As the majority of the Amazon is located in Brazil, the country’s energy policies have a massive impact on the rest of Latin America.

How will your research have a wider impact on society?

Although I would say anthropology is very interdisciplinary, it is sometimes hard to connect what we do with the wider discussion.

I hope my research will explore the main obstacles current political institutions face when addressing the climate crisis.

We are all pushing our governments to do more about climate change but we don’t really understand how policy can effectively be part of the problem and that’s why I’m so interested in bureaucracy.

Lots of decisions on what we want to do about energy, the type of energy we have and how much energy we need in the future have been completely taken out of the public sphere, so I really hope my research will highlight the importance of public debate in this area.

What has been the biggest highlight so far?

The quality of discussion in my department has been great. My cohort is really small so we’ve had a lot of time to talk about our research and discuss how it’s connected. I love that.

I’ve had lots of fascinating discussions on topics such as religion and urban issues with fellow PhD students and I find these conversations really enriching.

What has been your biggest challenge?

It’s been hard adapting to the political changes in Brazil since I first started on my PhD.  For example, when I was applying for my PhD in 2017 Jair Bolsonaro, the current President of Brazil, was not even on the map.
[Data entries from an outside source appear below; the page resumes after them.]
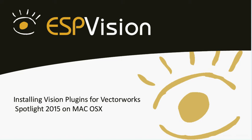Hi, this is AJ, Director of Support for ESP Vision. This tutorial will walk you through how to install and configure the plugins for Vectorworks Spotlight 2015 on a Mac operating system.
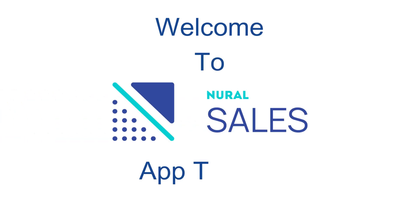Welcome to the Neural Sales App tutorial series. In this series, we'll guide you step-by-step through the various features and modules of the Neural Sales application. Let's get started.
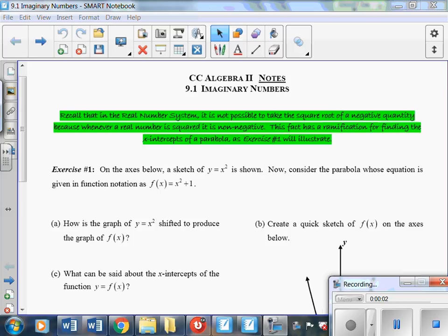Hi, and welcome back to Common Core Algebra 2. Today's lesson is 9.1, Imaginary Numbers. Recall that in the real number system, it is not always possible to take the square root of a negative quantity, because whenever a real number is squared, it's non-negative. This fact has a ramification for finding the x-intercepts of a parabola, as shown in exercise 1.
The possibility of him being President was very remote.

I planned how my research would unfold with the government as a continuation of what it was before the election so I’ve been trying to work out what this change in government means for policymaking. Keeping up with all the political changes has been a challenge.
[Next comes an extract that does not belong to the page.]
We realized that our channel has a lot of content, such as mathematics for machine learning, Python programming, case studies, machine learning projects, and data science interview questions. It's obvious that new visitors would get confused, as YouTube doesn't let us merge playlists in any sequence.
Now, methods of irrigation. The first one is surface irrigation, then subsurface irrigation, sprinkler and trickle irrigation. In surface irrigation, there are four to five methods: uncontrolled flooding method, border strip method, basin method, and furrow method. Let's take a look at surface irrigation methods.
What is your favourite way to de-stress?

I live near some really beautiful parks so I enjoy walking in the park and riding my bike. I also find baking bread a great way to relax.
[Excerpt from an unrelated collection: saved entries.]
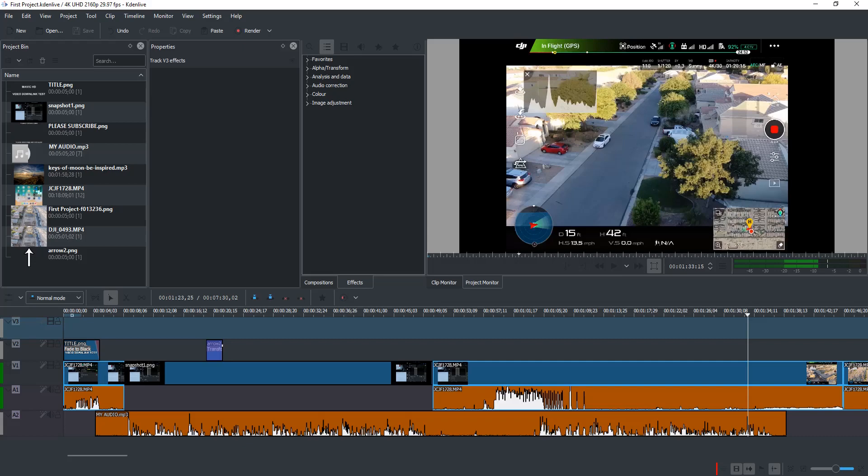And guess what? I found an excellent alternative. This is called Kdenlive, K-D-E-N-L-I-V-E. I don't know if that's how you pronounce it or not, but it is totally easy to use.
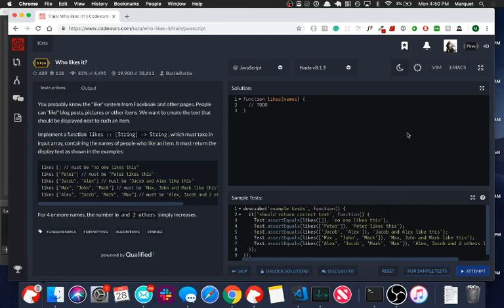What's up everybody, this is Quet, and in today's video we're going to be doing a code kata called Who Likes It.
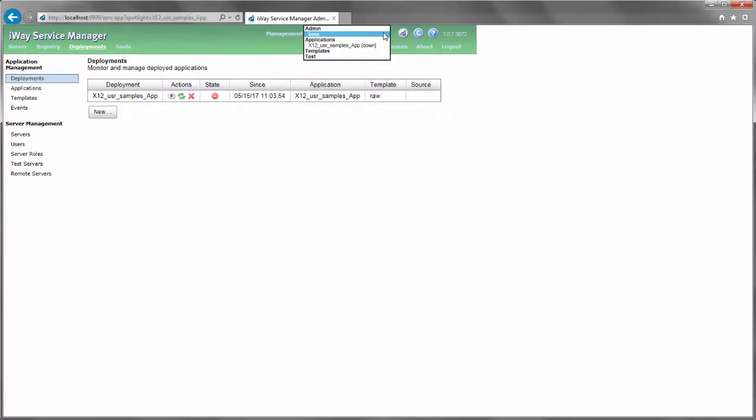You are now ready to proceed to Step 4, and watch the next video in this series, which shows you how to set Special Registers, or SREGs, in the ISM Administration Console.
My favourite spots around campus for taking some time out are Lincoln’s Inn Fields or the sixth floor of the SU. The PhD Academy is also a great space to work.

What advice would you give to other PhD students trying to balance their workload?

For me, it’s been really important to keep my original motivation in mind. At the beginning of my PhD I was overwhelmed, as I felt I needed to read everything and be up-to-date with everything but that’s not really the point.

The point is to figure out what you need to understand. You need to give yourself space to be creative in the way you process new information and data.

Are you involved with any other activities at LSE?

I did my Master’s at LSE as well and volunteered with the Green Impact project, working with other departments to introduce more environmentally processes and behaviour.

In the last year, my department has started a movement for decolonisation of the university and we’re working with other departments on this.

Linked with this I’ve also been involved in the Change Makers project, which gives students the chance to make change at LSE through independent research.  I worked with two undergrads and a Master’s student to explore how we can rethink anthropology and explore what’s missing on the curriculum, bringing the perspective of alumni into the conversation. We gathered lots of useful information from people who wanted to talk about what decolonisation means for them and how we can improve the way we learn.